How does Rastra compare with earth? I know of no statistics covering the energy embodiment characteristics for adobes, rammed earth or pressed blocks. I suspect that adobes are pretty high because of transportation costs. (They are definitely labor intensive, and I m not sure how to calculate energy embodiment derived from my favorite breakfast burritos.) Same with rammed earth. Hydraulically pressed earthen blocks, however, probably have the lowest energy embodiment of any manufactured masonry unit on the planet. Years of experience with the machines that make pressed earthen blocks have provided me with some amazing statistics, among them a cost-per-unit of three to six-cents, and extremely low labor costs because the material is only handled twice. This will be the topic of an upcoming column.
Now, lest you think that I rabidly oppose Rastra, let me clarify my position.
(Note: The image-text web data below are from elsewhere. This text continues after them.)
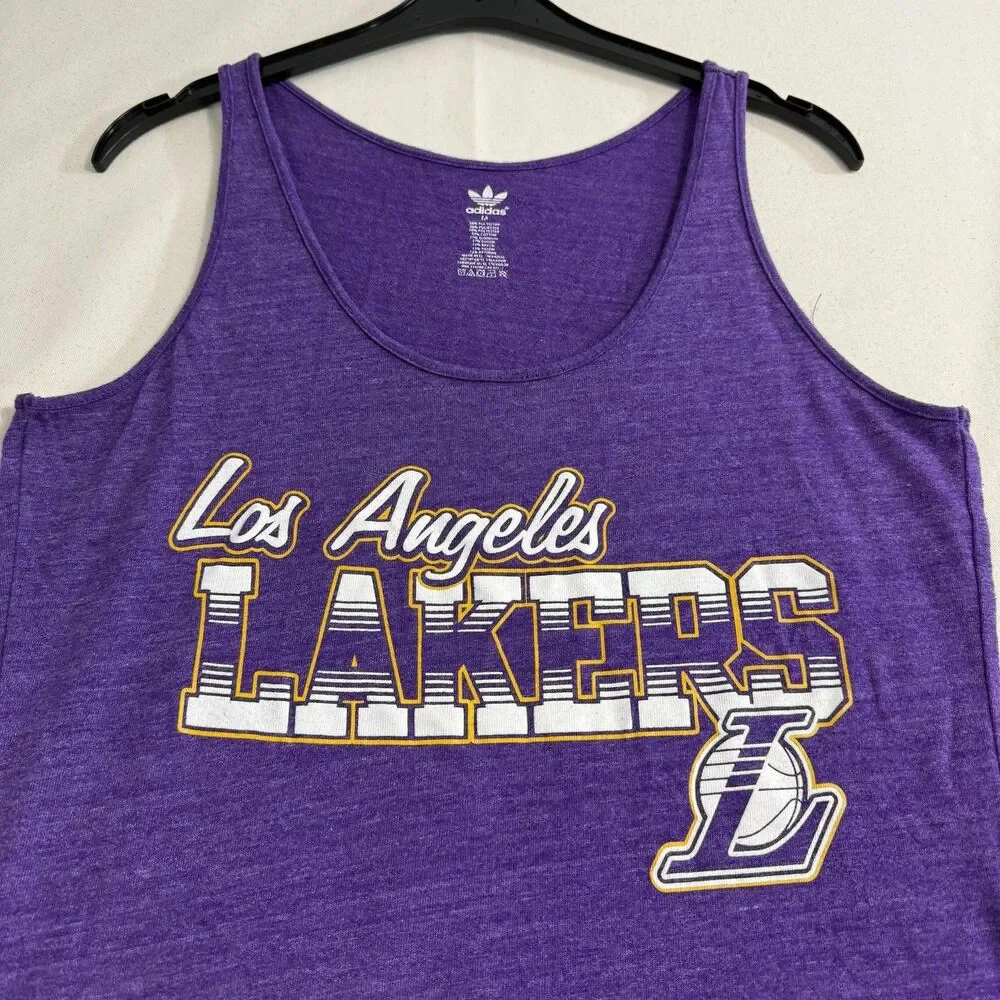 Adidas LA Lakers Womens Size Medium Sleeveless Tank Top Ladies Purple
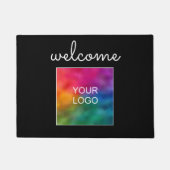 Benutzerdefiniertes Hochladen des Firmenlogos hier Fußmatte (Vorderseite)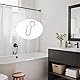 100 Stück Metall S Haken Silber, S-Förmige Vorhanghaken für Schienen, Duschvorhang Haken, Vorhang Haken, Gardinenhaken für Ringe, Gardinenhaken Metall, S-Haken, Curtain Hooks(35MM) (Silber)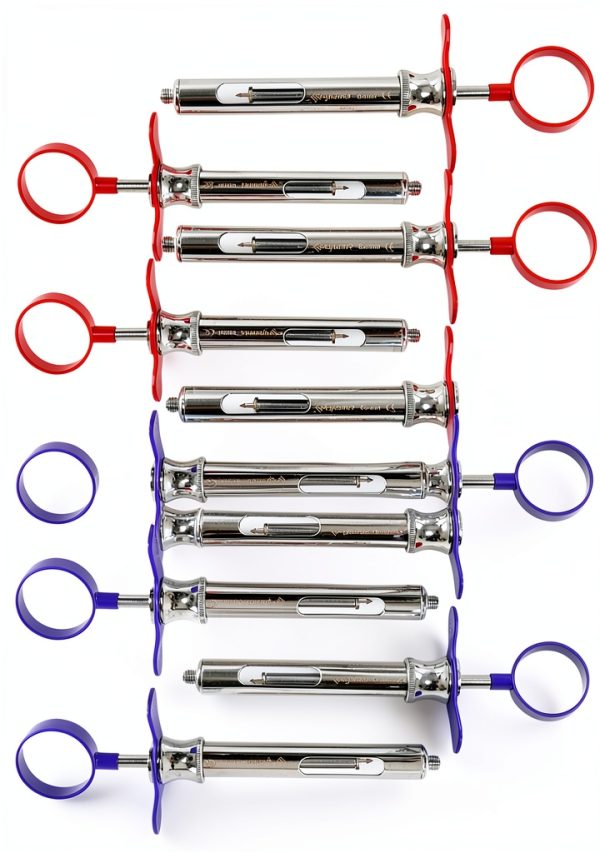 WSI Dental Anesthetic Syringe 1.8cc Type-CW with Blue Red Handles-0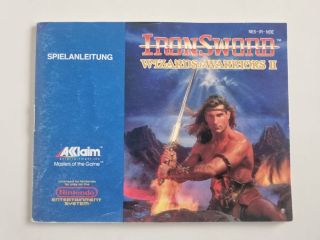 NES Wizards & Warriors II - Iron Sword NOE Manual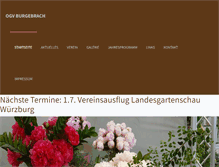 Tablet Screenshot of ogv-burgebrach.de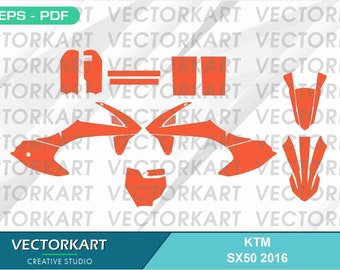 KTM SX50 2016 Vector
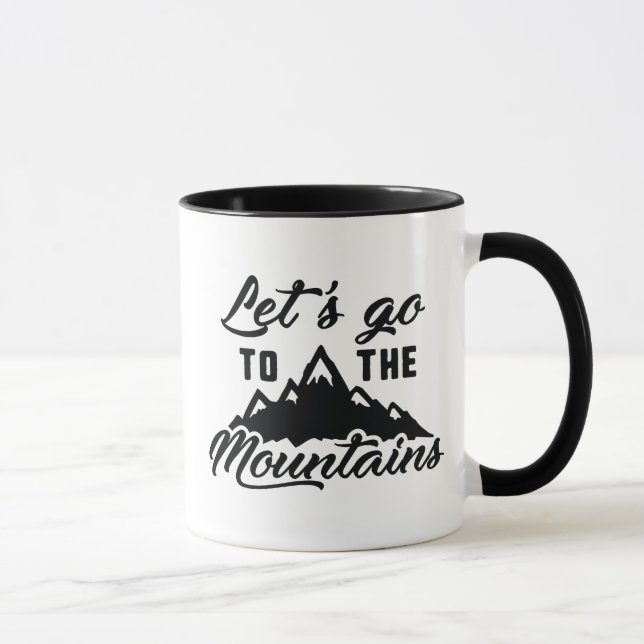 Caneca Vamos Para As Montanhas (Direita)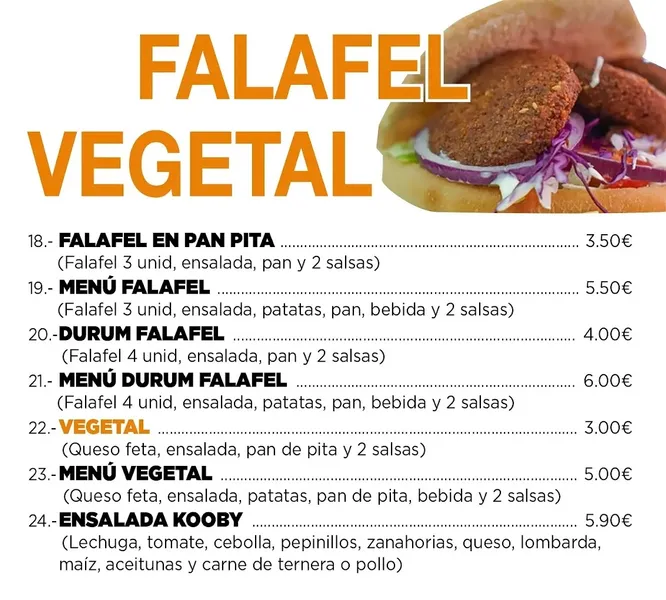 menu 0 of Kebab & Pizza Kooby Grill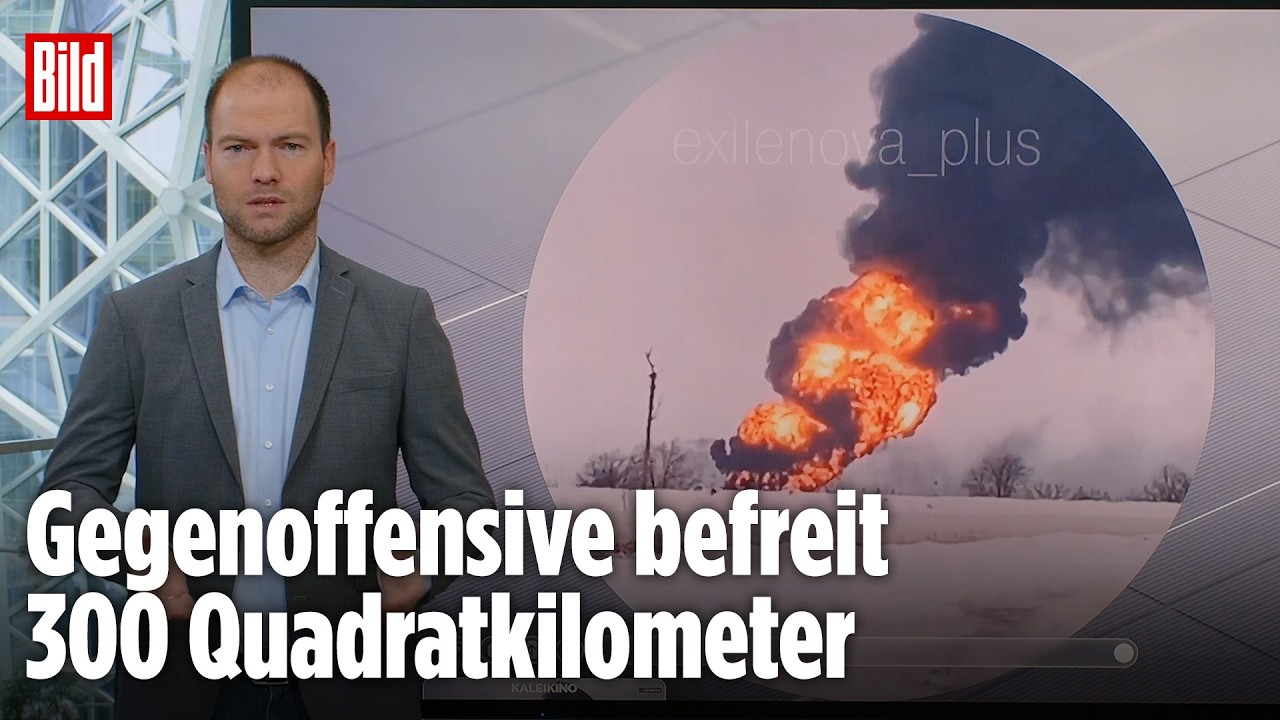 Ukraine sprengt „Druschba“-Gasspeicher in Russland | BILD-Lagezentrum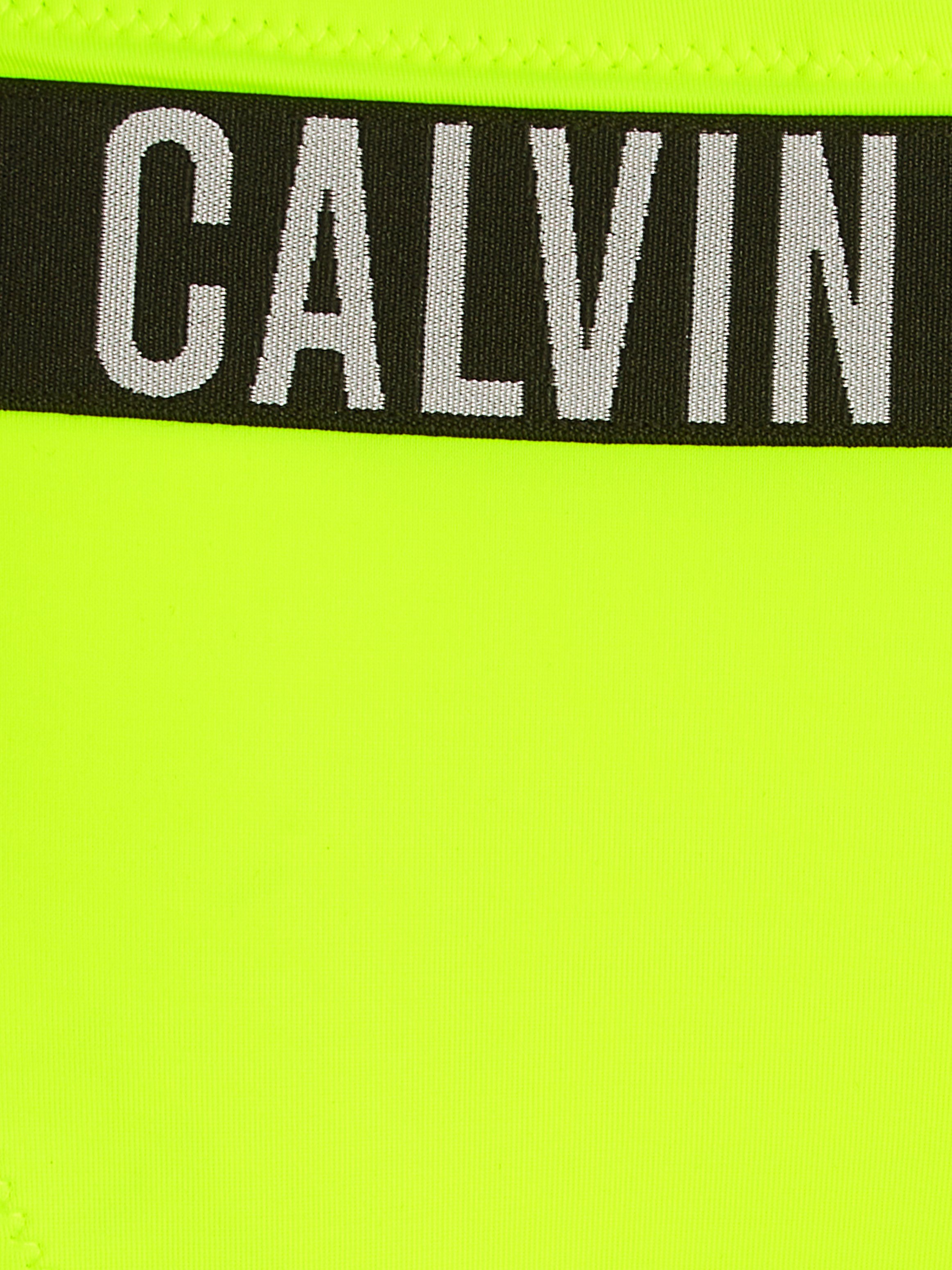 Calvin Klein Swimwear Bikinibroekje STRING SIDE TIE met groot logo op de achterkant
I would have zero problem with it if only its promoters didn't try to spin its virtues with soft phraseology, platitudes and misleading statistical presentations. I don't question the results of their thermal tests (though I probably should), and I admire the cleverness of the system. What I take objection to is the tendency of Rastra promoters to market their new technology as environmentally-friendly without an honest, hard-headed analysis of the environmental costs. The planet needs building techniques that cause less environmental damage, but the bandwagon approach taken by most promoters of "green" building systems is leaving the movement with damned little credibility.